--- SUPPLIED DATA Enclosed Below ---
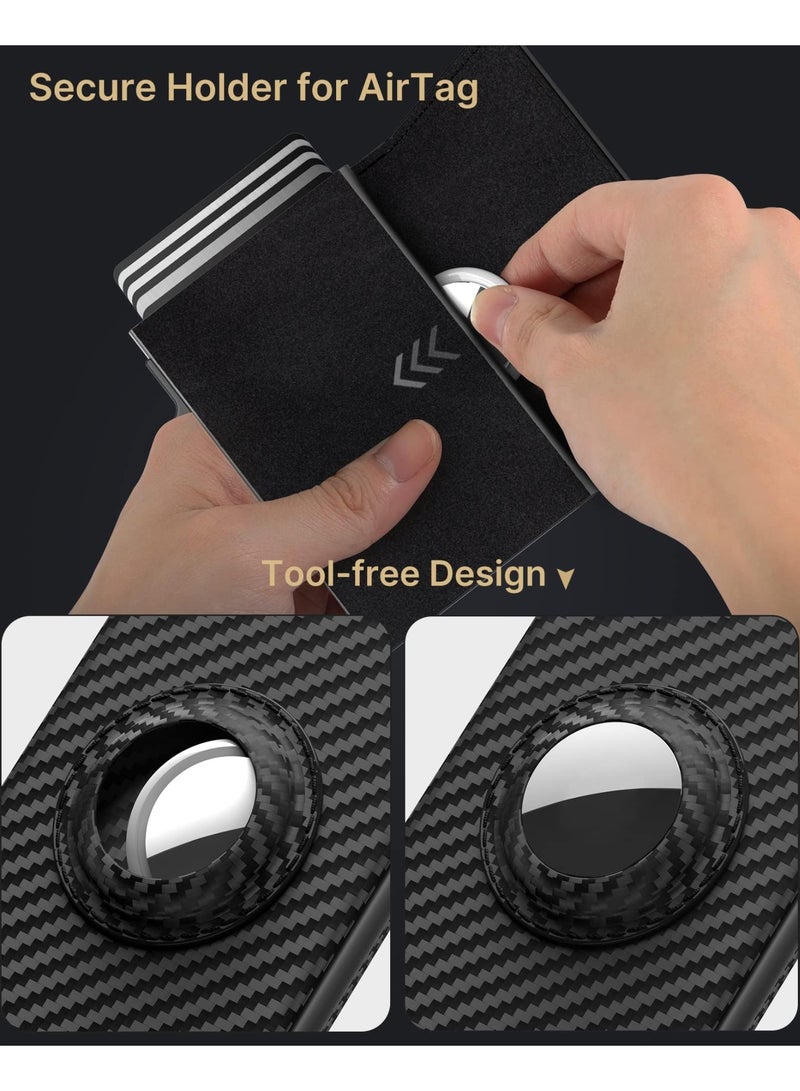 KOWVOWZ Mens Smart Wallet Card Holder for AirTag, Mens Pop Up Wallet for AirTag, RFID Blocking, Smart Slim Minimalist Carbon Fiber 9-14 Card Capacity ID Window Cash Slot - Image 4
--- End of Enclosed SUPPLIED DATA ---
--- SUPPLIED DATA Enclosed Below ---
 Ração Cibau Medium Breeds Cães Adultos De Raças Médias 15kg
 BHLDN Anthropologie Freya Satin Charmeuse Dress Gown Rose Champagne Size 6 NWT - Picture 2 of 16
--- End of Enclosed SUPPLIED DATA ---
**WHAT IS BEING ASKED**
Using the records above, copy word for word the line with "Ração Cibau Medium", the line with "BHLDN Anthropologie Freya", and every line between them.

**ANSWER FOR THIS EXERCISE**
 Ração Cibau Medium Breeds Cães Adultos De Raças Médias 15kg
 BHLDN Anthropologie Freya Satin Charmeuse Dress Gown Rose Champagne Size 6 NWT - Picture 2 of 16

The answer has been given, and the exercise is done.